Neo-nazi terrorism in Germany update

This video is called Series of Crimes Linked to Germany’s Neo-Nazi Groups.

By Sven Heymann in Germany:

Germany: Inquiry committee posts interim report on neo-Nazi terrorist group

19 March 2013

On March 11, an interim report was released by the state of Thuringia’s parliamentary committee investigating a series of murders committed by the National Socialist Underground (NSU) terrorist group. The report constitutes a damning indictment of the police force and secret service agency that directly aided and reinforced the extreme right in Thuringia during the 1990s.

The committee adopted the interim report by a margin of six votes. The two representatives of the Left Party, Martina Renner and Katharina King, abstained and registered a dissenting opinion. The committee’s work was impeded by the shredding of files by the intelligence agency and memory lapses alleged by police and intelligence officials. However, the 554-page report draws on investigations extending over a year to produce a devastating picture of the state authorities’ involvement in the neo-Nazi scene.

The report only covers the period up to January 26, 1998, when Uwe Böhnhardt, Uwe Mundlos and Beate Zschäpe went into hiding. The three then founded the NSU, which murdered nine Turkish-born business people and a female police officer, as well as committing numerous bank robberies in the following years. They had previously been active in the Thuringia Homeland Security (THS), a coalition of extreme right-wing groupings.

The committee accused the Thuringia State Intelligence Agency (LfV) of enlisting undercover agent Tino Brandt as “leader” of the extreme-right milieu. Brandt is regarded as the head of the Thuringia Homeland Security network and also deputy chairman of the Thuringia branch of the extreme right-wing National Democratic Party of Germany (NPD). The report claims that Brandt was the agent through whom the LfV “at least indirectly supported the structure that later radicalised the NSU trio”.

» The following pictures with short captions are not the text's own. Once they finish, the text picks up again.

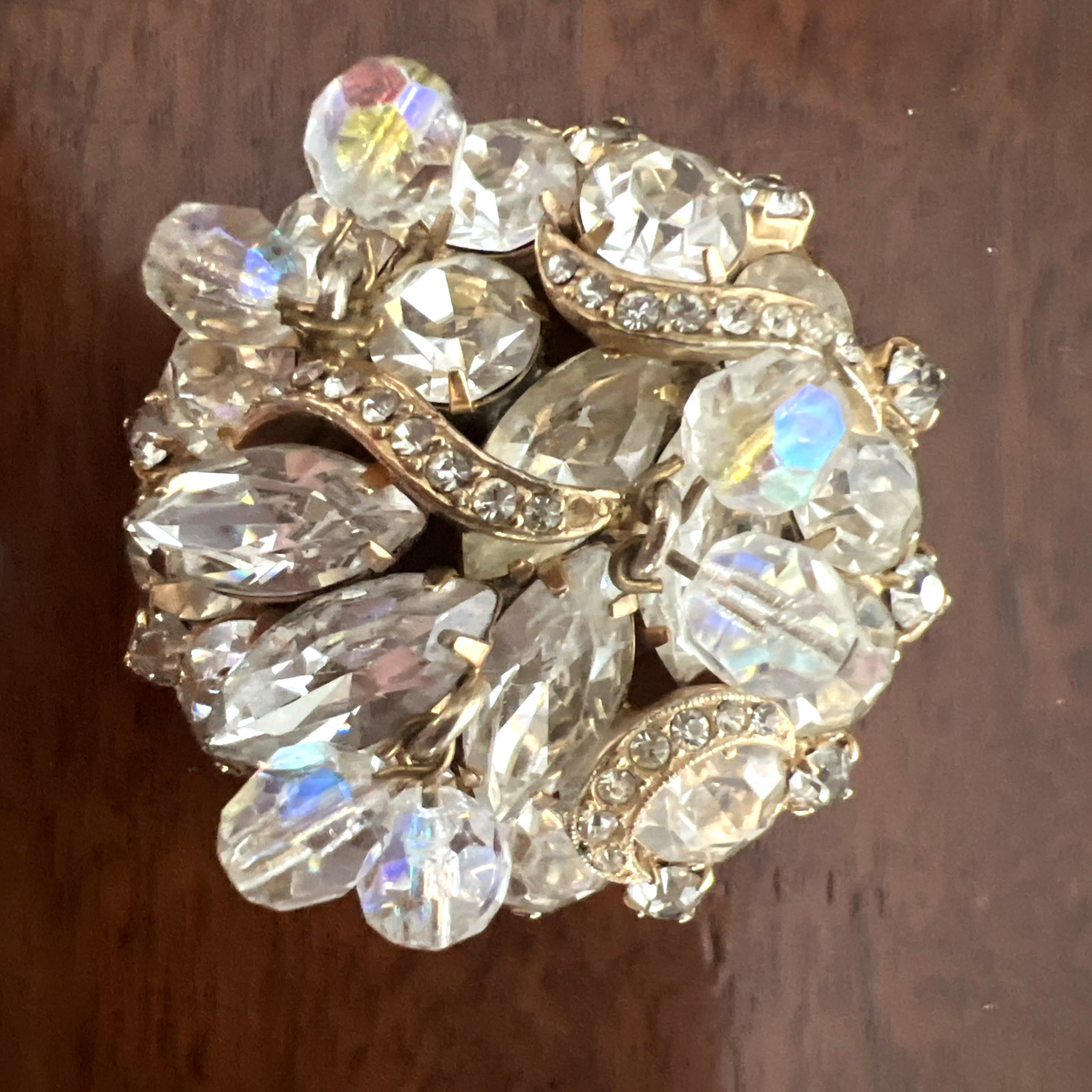 VTG. SIGNED KRAMER CLEAR RHINESTONE and CRYSTAL CHA CHA BROOCH and BRACELET SET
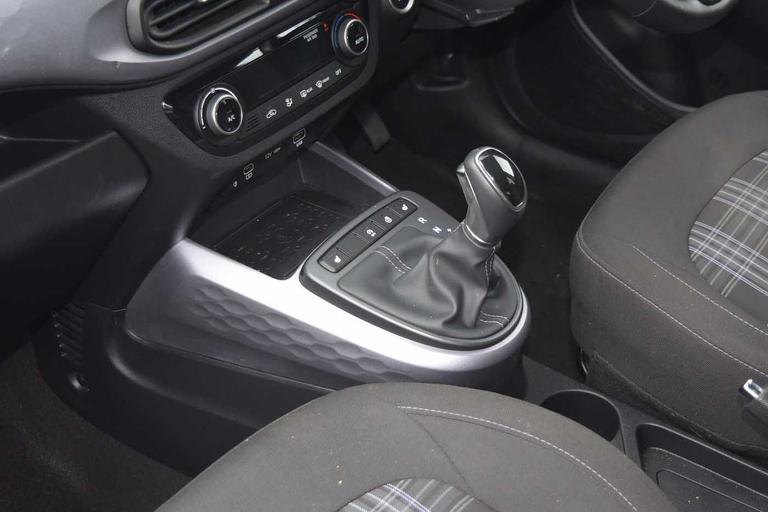 Used Hyundai i10 AV74OSJ 14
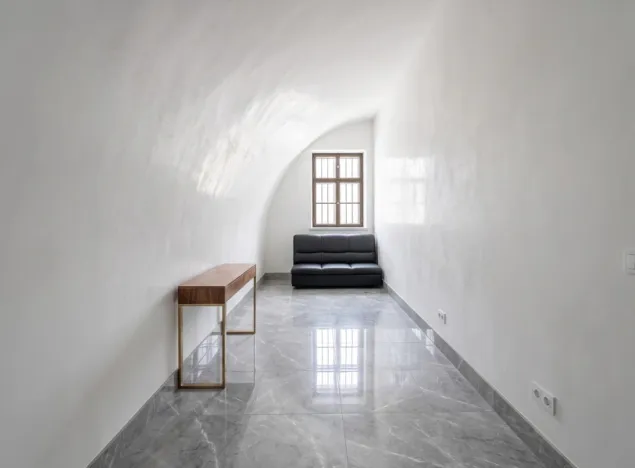 Pronájem obchodního prostoru, Hradec Králové, Velké náměstí, 94 m2
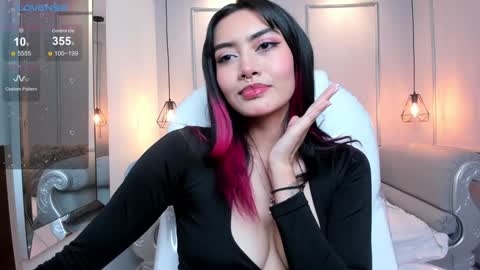 Azura online show from 02/03/25, 07:21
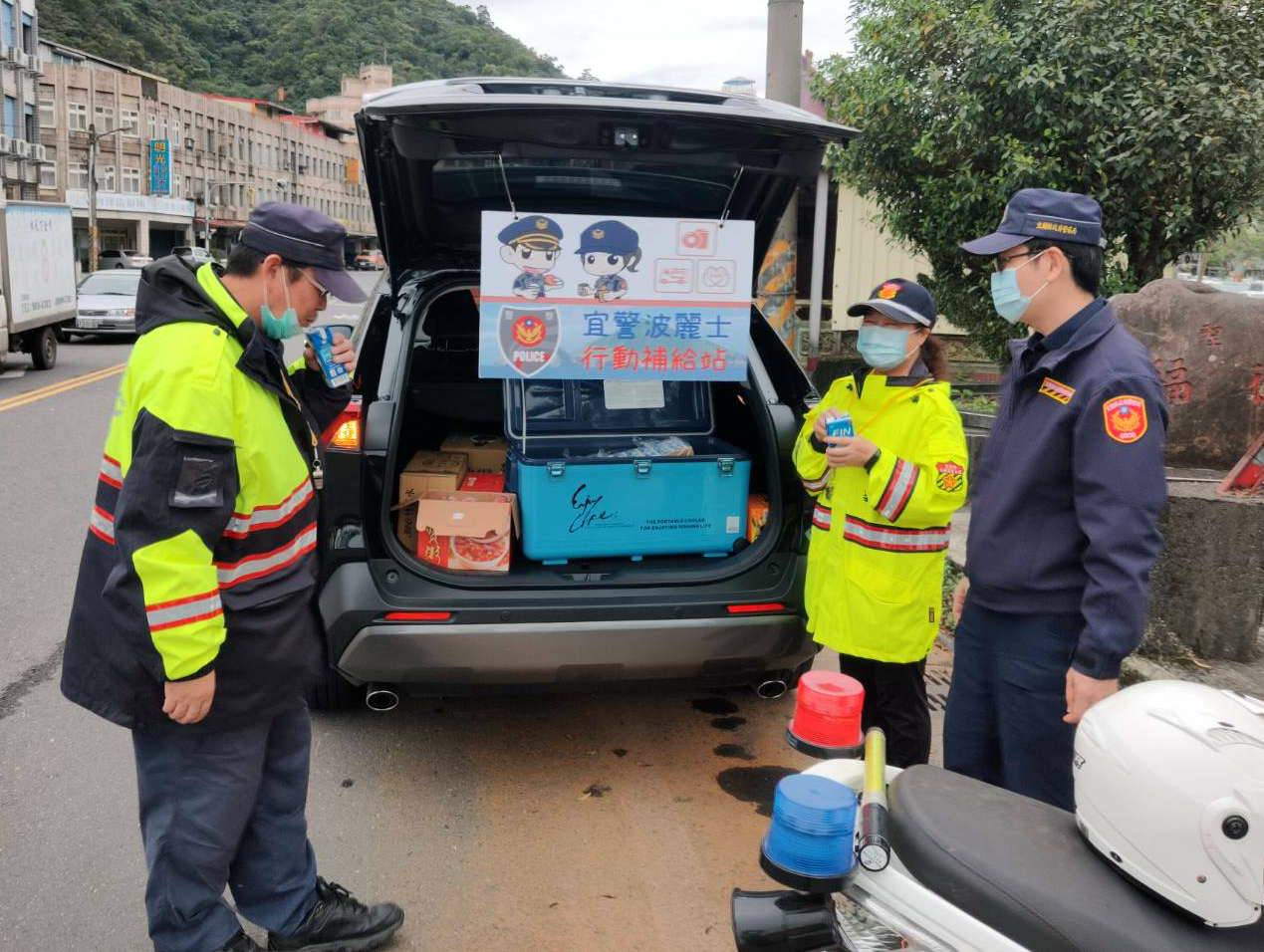 警察疏導交通真辛勞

The report rejects the idea that Brandt was a “top source” in the intelligence service. Brandt was said to have provided no evidence likely to lead to prosecutions, and merely informed the agency about neo-Nazis gatherings. From 1994 to 2001, Brandt was paid more than 200,000 German marks (US$132,000) for his services—money he himself claims was invested in the consolidation of the extreme right in Thuringia.

The report assumes that the intelligence agency cautioned the police against investigating Tino Brandt, which amounts to an attempted obstruction of justice. Dorothea Marx (Social Democratic Party—SPD), chair of the inquiry committee, also regards as “not inconceivable” that members of the NSU were also protected from prosecution by forces from the ranks of the secret service.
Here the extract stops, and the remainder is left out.